--- Dataset extract ---
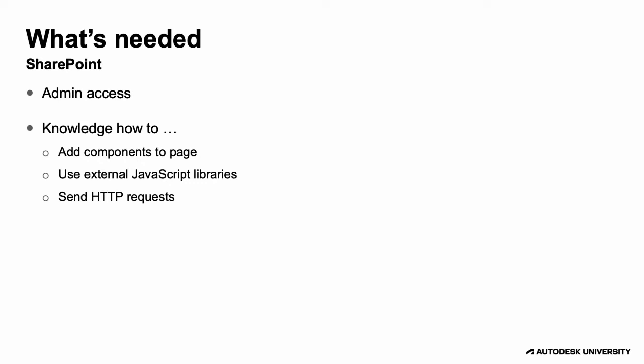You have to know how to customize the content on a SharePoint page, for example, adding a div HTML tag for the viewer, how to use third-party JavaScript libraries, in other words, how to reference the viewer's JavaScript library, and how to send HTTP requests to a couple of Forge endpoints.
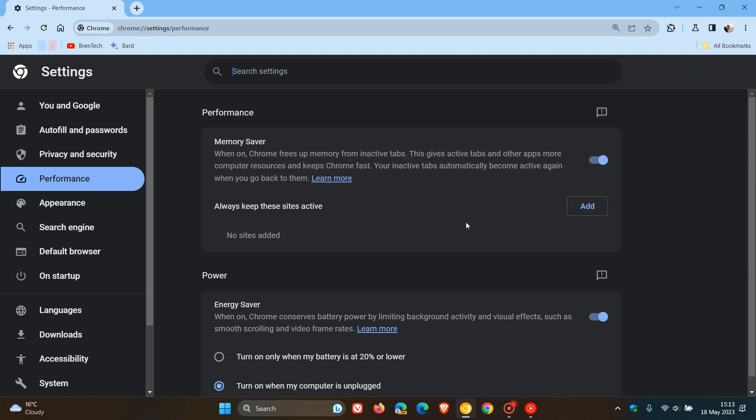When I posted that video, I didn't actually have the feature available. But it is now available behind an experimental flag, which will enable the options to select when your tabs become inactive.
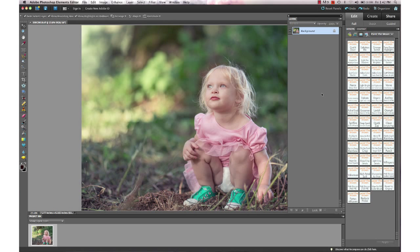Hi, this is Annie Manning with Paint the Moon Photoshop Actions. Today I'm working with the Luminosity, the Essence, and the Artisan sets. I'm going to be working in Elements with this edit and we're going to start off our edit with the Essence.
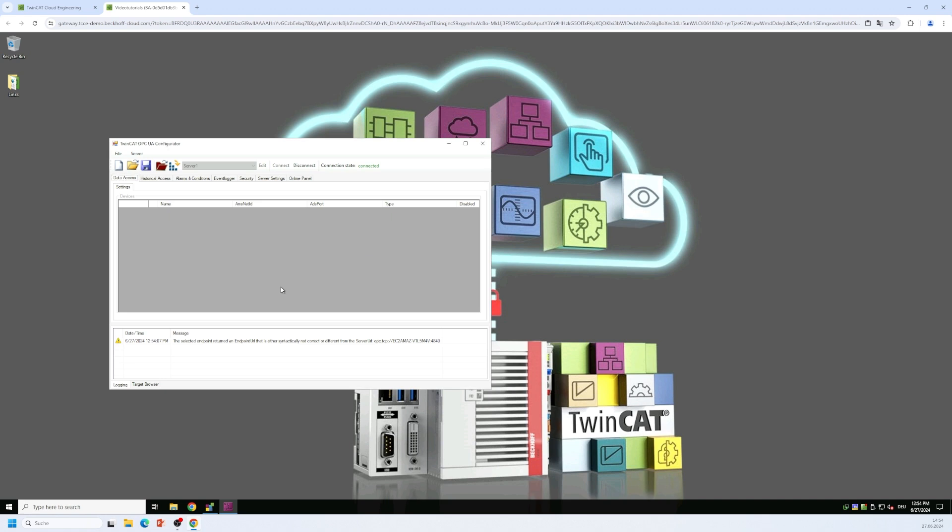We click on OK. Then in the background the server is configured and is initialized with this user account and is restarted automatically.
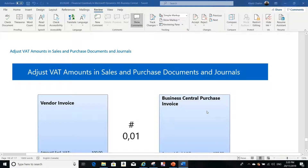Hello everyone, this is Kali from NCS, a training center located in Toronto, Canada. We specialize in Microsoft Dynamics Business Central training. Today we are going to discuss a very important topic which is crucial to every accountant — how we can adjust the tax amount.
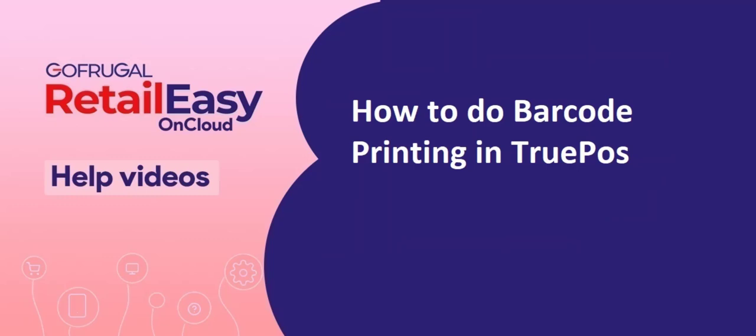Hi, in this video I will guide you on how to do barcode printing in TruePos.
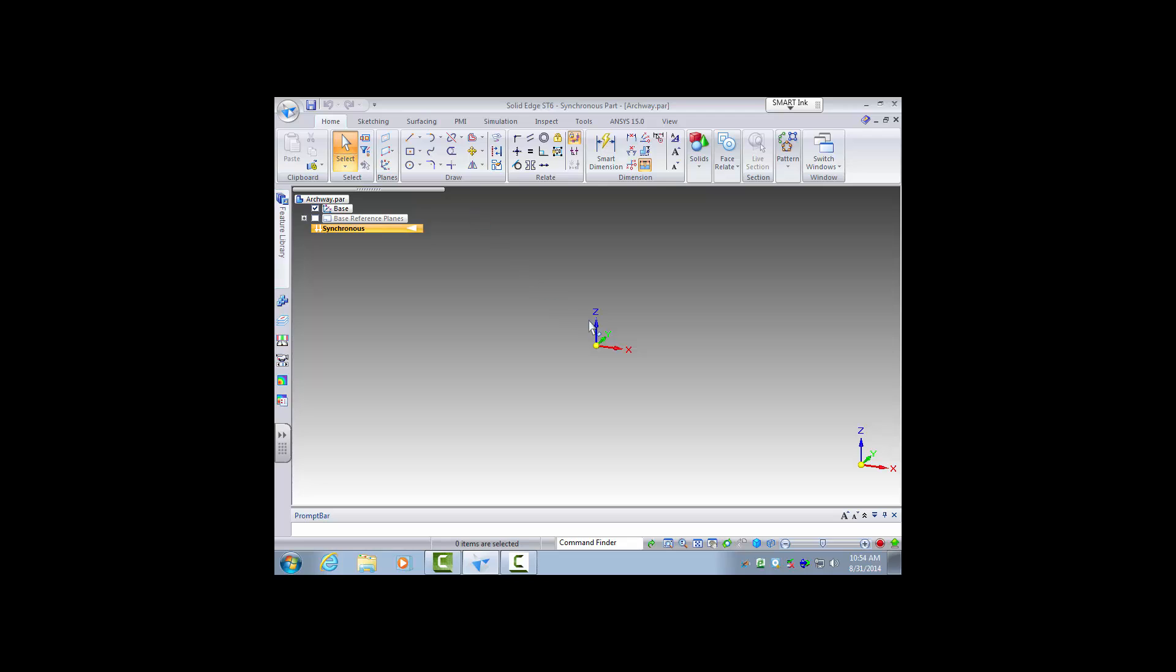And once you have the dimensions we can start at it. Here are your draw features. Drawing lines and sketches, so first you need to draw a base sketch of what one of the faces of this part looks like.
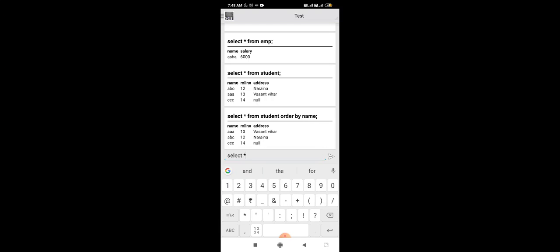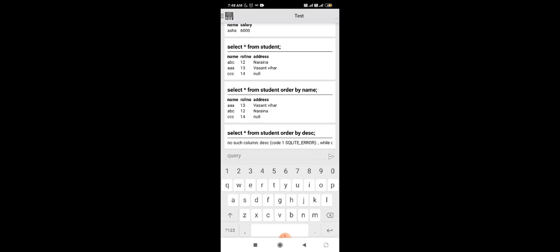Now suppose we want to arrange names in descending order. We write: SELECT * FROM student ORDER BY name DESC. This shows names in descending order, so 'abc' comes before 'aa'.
--
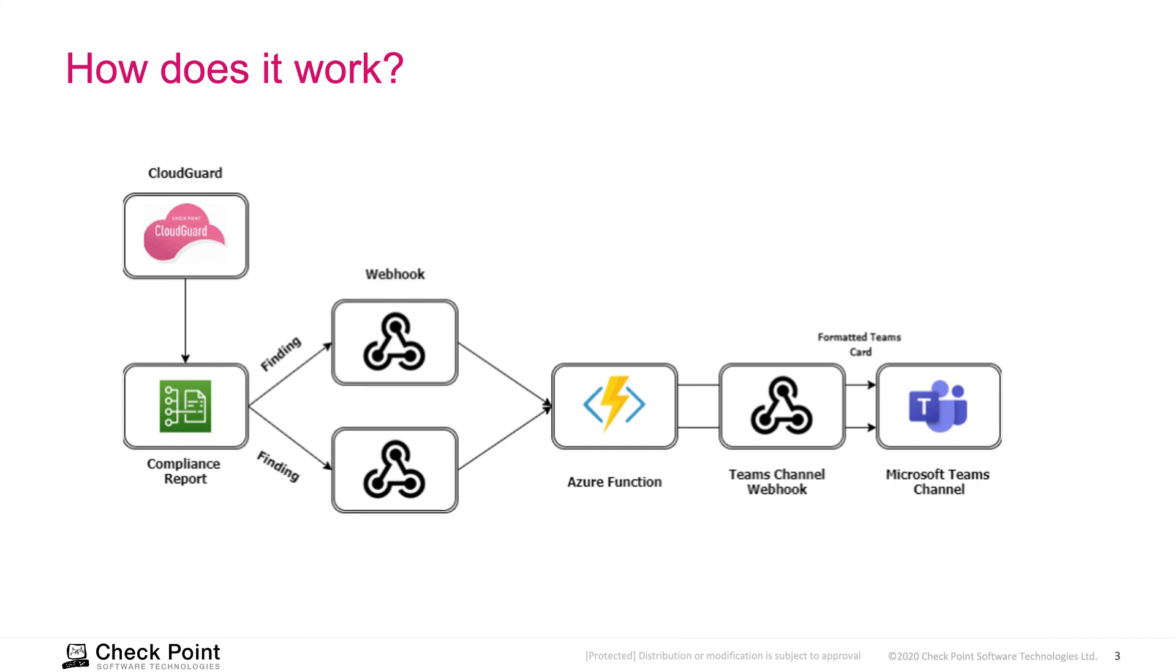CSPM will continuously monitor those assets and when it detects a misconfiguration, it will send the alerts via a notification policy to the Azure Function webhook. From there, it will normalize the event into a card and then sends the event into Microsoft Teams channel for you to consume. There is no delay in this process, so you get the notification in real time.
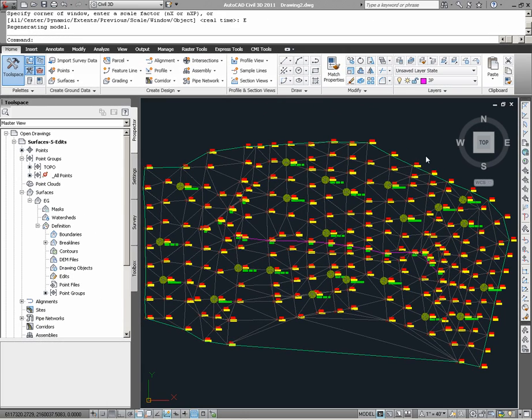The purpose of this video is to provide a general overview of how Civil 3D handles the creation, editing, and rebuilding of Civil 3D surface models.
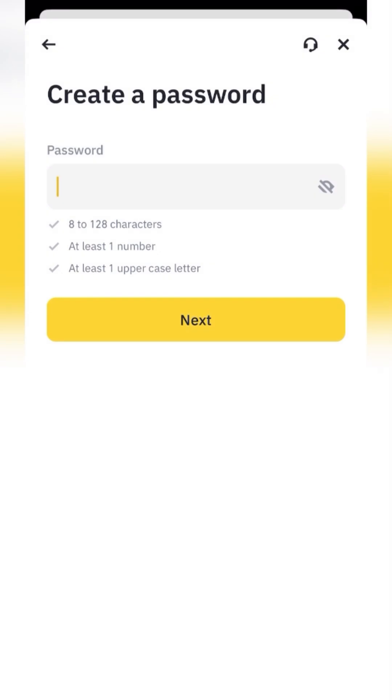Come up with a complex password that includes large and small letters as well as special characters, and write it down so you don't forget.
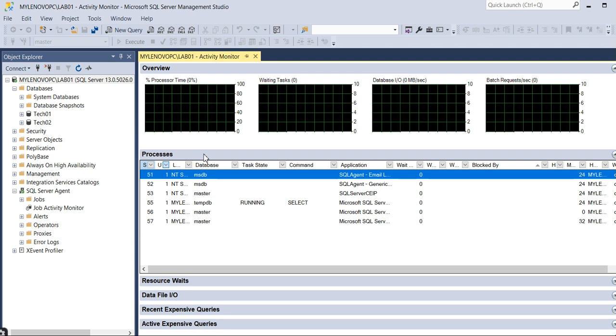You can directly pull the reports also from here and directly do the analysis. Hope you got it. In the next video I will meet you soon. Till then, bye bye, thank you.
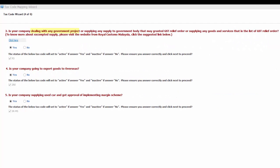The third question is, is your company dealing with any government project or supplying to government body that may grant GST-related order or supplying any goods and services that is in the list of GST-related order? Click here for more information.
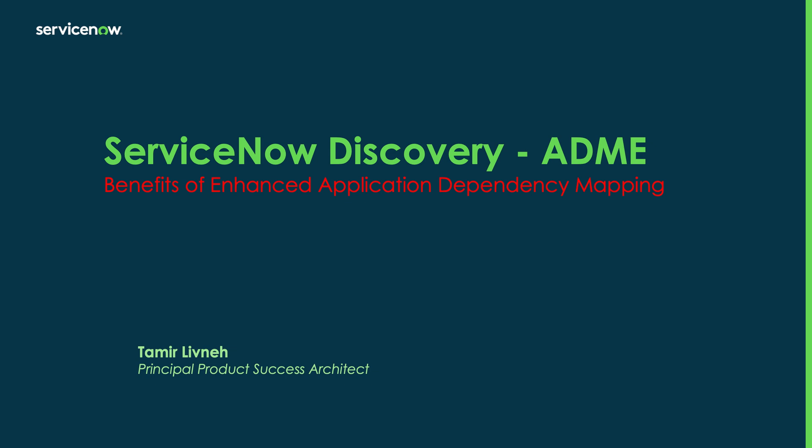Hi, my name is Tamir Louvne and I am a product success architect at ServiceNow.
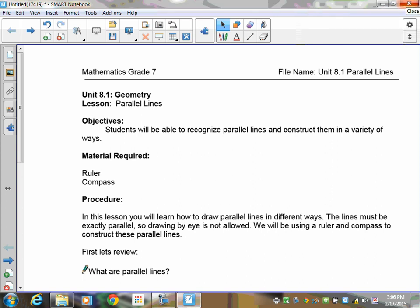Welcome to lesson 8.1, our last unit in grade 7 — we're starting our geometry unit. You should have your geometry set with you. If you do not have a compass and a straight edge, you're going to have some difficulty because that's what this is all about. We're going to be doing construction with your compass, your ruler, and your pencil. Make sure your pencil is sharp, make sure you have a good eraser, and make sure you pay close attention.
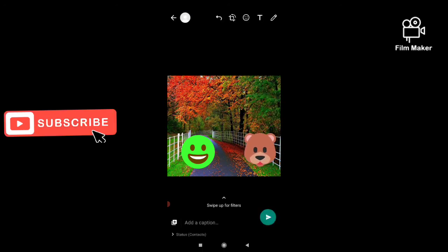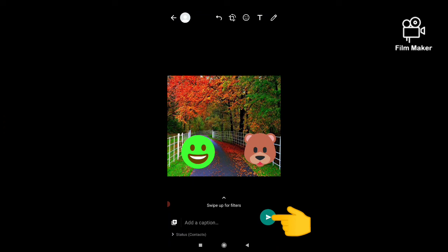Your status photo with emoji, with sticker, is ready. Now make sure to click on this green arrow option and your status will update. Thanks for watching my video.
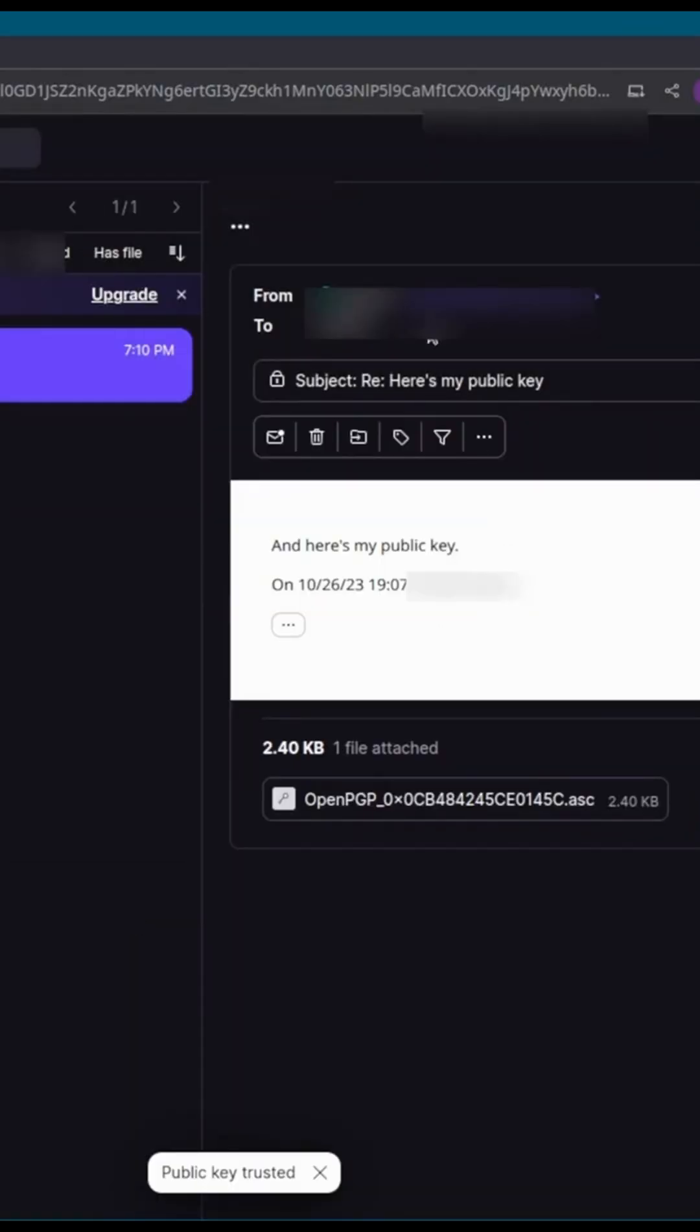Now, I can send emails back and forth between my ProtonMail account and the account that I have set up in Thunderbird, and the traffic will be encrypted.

--- Prompt ---
What is needed is an exact copy of the lines above, from the one holding "We click on" down to the one holding "Now suppose we", with those two included and the pictures left out.

--- Written answer ---
We click on OK. Then in the background the server is configured and is initialized with this user account and is restarted automatically.
Hello everyone, this is Kali from NCS, a training center located in Toronto, Canada. We specialize in Microsoft Dynamics Business Central training. Today we are going to discuss a very important topic which is crucial to every accountant — how we can adjust the tax amount.
Hi, in this video I will guide you on how to do barcode printing in TruePos.
And once you have the dimensions we can start at it. Here are your draw features. Drawing lines and sketches, so first you need to draw a base sketch of what one of the faces of this part looks like.
Now suppose we want to arrange names in descending order. We write: SELECT * FROM student ORDER BY name DESC. This shows names in descending order, so 'abc' comes before 'aa'.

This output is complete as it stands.